◆ **EXTRACTED DATA**
-.-.-

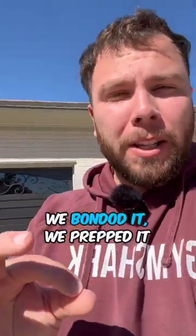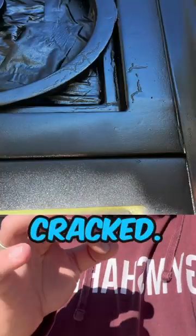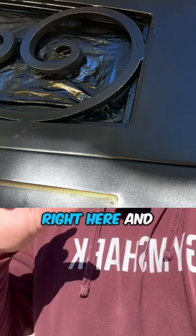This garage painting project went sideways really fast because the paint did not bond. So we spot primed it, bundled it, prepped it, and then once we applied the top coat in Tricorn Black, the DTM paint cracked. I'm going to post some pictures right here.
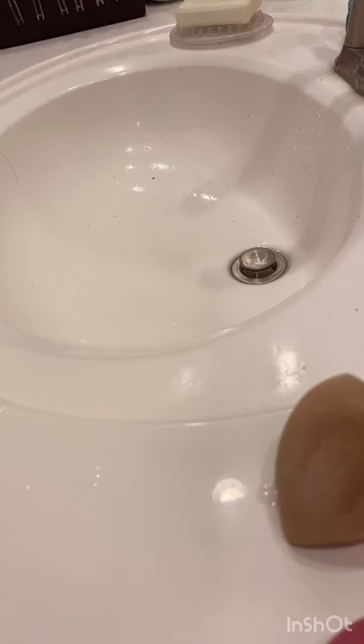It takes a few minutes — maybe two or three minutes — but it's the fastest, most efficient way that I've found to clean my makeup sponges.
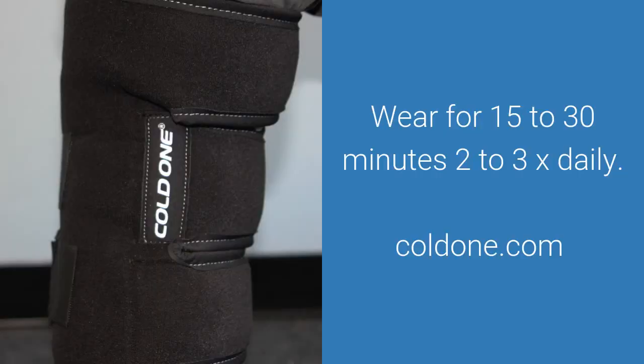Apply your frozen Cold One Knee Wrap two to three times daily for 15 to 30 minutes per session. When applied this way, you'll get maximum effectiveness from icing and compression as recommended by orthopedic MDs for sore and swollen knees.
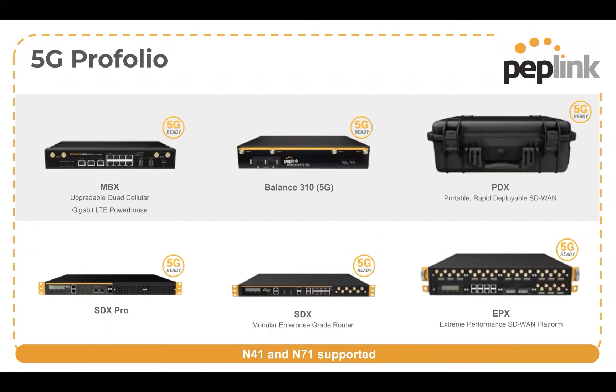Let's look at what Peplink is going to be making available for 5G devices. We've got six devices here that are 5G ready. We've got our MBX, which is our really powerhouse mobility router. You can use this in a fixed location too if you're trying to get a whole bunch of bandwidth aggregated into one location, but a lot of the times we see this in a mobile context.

-.-.-

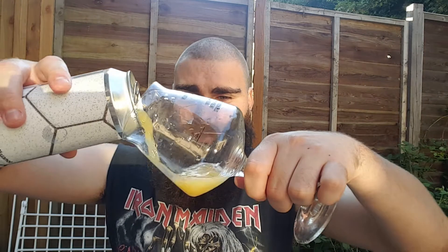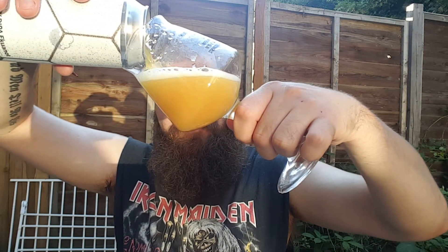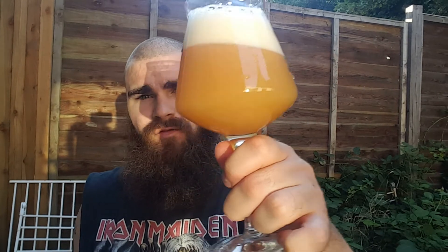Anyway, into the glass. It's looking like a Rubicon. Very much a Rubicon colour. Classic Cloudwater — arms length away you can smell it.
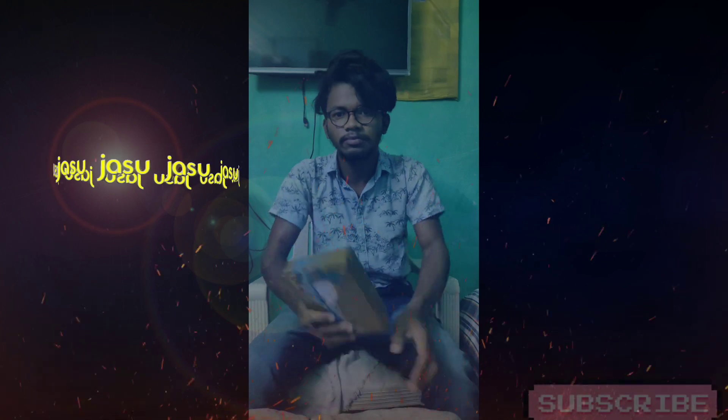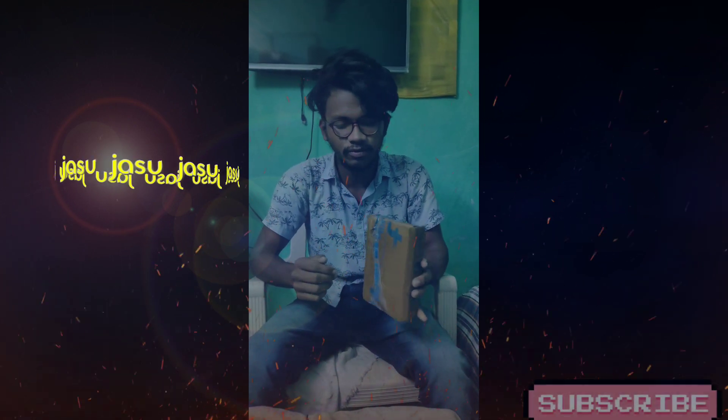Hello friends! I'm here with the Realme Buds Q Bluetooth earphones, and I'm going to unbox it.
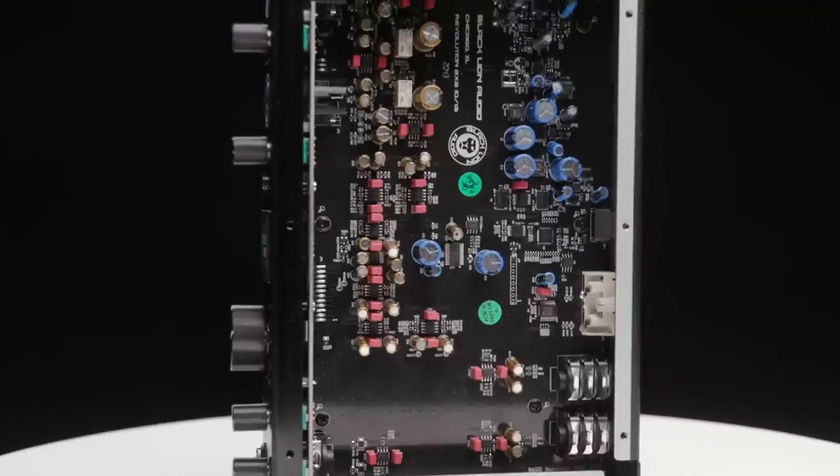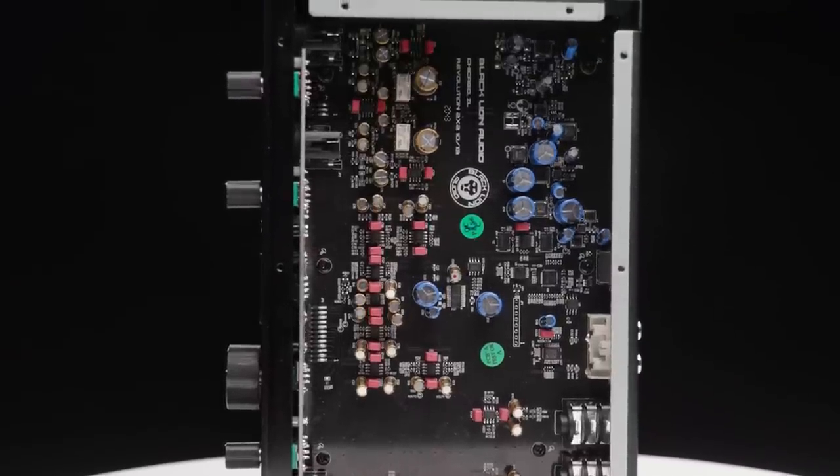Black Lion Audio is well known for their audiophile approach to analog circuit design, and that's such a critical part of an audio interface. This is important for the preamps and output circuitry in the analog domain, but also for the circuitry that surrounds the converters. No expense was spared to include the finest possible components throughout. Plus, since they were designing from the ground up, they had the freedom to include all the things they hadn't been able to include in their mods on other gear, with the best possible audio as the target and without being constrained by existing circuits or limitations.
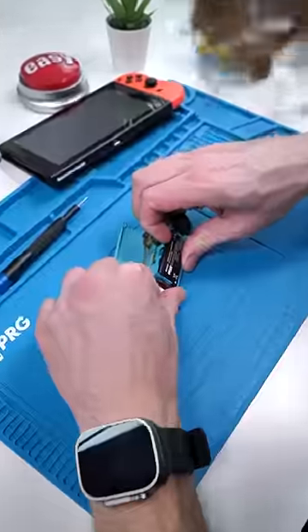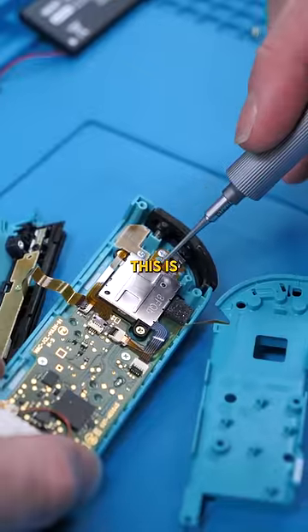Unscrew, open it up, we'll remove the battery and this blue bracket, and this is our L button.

-.-.-

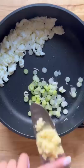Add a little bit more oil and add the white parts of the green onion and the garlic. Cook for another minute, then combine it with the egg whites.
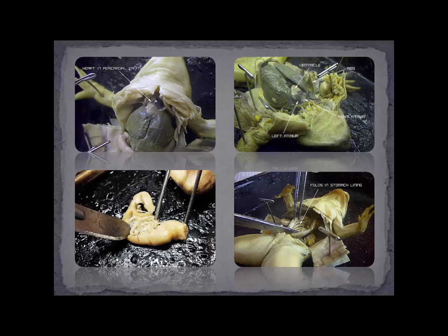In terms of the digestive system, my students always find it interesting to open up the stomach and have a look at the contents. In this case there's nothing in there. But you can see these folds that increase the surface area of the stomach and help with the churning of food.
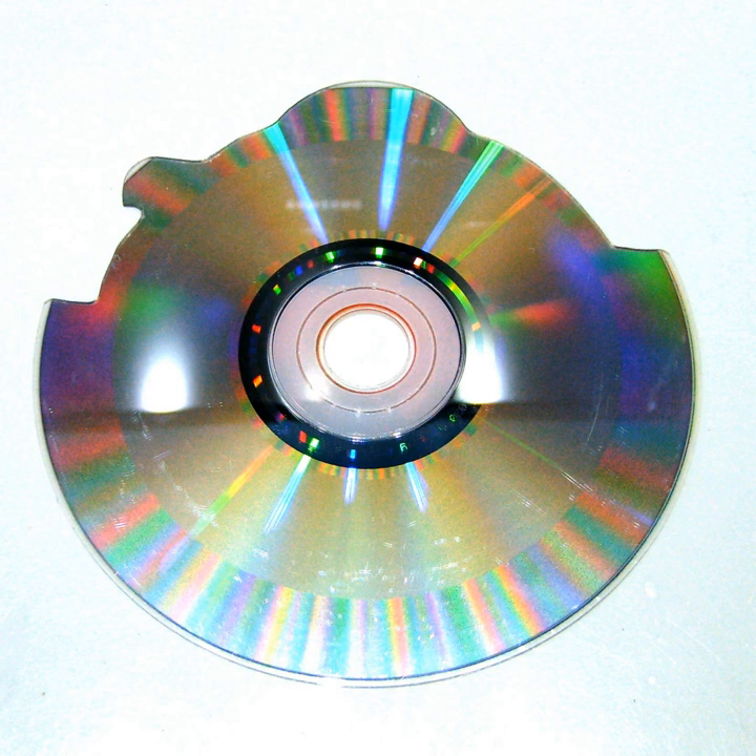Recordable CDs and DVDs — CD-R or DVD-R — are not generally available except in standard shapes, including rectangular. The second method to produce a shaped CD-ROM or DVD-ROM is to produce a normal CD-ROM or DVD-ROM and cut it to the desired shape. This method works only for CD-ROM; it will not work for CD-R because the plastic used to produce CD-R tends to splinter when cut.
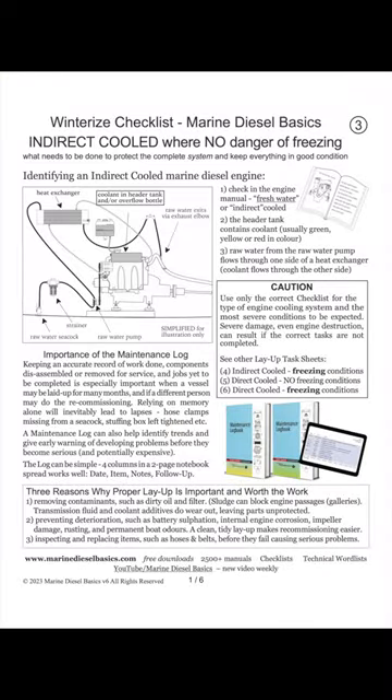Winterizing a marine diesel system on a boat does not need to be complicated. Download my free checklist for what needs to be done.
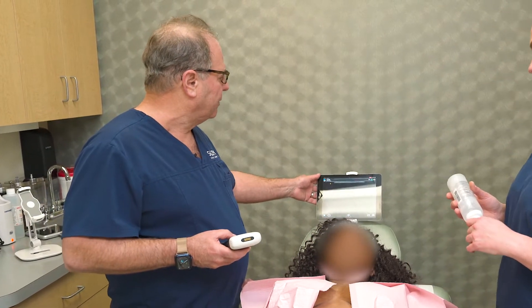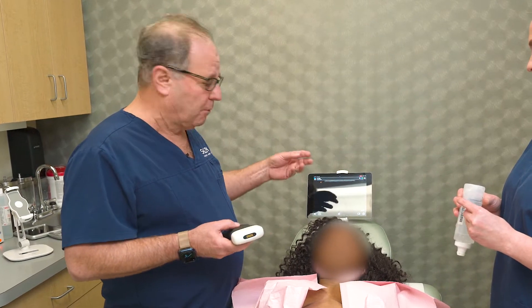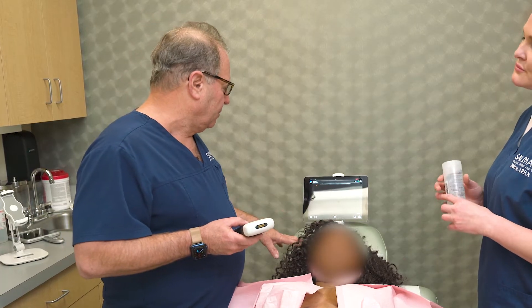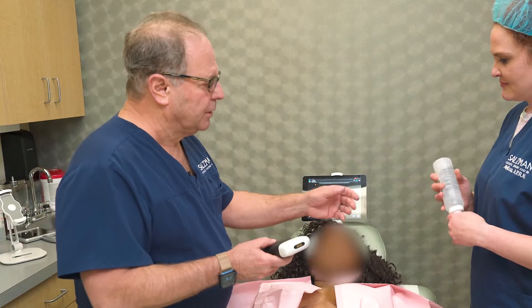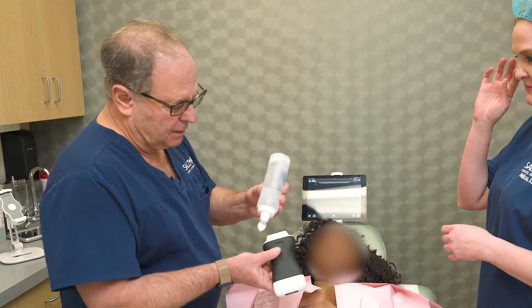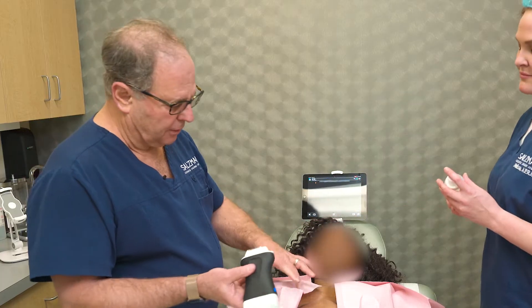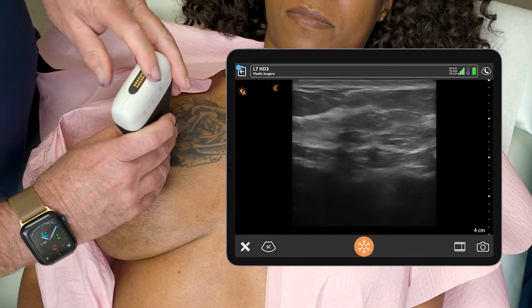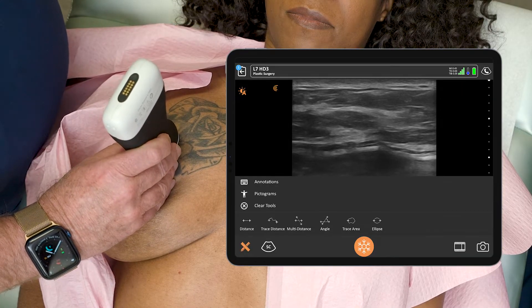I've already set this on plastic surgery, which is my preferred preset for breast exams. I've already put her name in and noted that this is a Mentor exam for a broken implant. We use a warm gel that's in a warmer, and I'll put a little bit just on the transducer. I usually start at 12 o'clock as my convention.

-.-.-

◆ **WORK ORDER**
Write back the stretch of lines above that begins with the line holding "Black Lion Audio" and ends with the line holding "Unscrew, open it", both included, exactly as written. Pictures stay out.

◆ **TASK OUTPUT**
Black Lion Audio is well known for their audiophile approach to analog circuit design, and that's such a critical part of an audio interface. This is important for the preamps and output circuitry in the analog domain, but also for the circuitry that surrounds the converters. No expense was spared to include the finest possible components throughout. Plus, since they were designing from the ground up, they had the freedom to include all the things they hadn't been able to include in their mods on other gear, with the best possible audio as the target and without being constrained by existing circuits or limitations.
Unscrew, open it up, we'll remove the battery and this blue bracket, and this is our L button.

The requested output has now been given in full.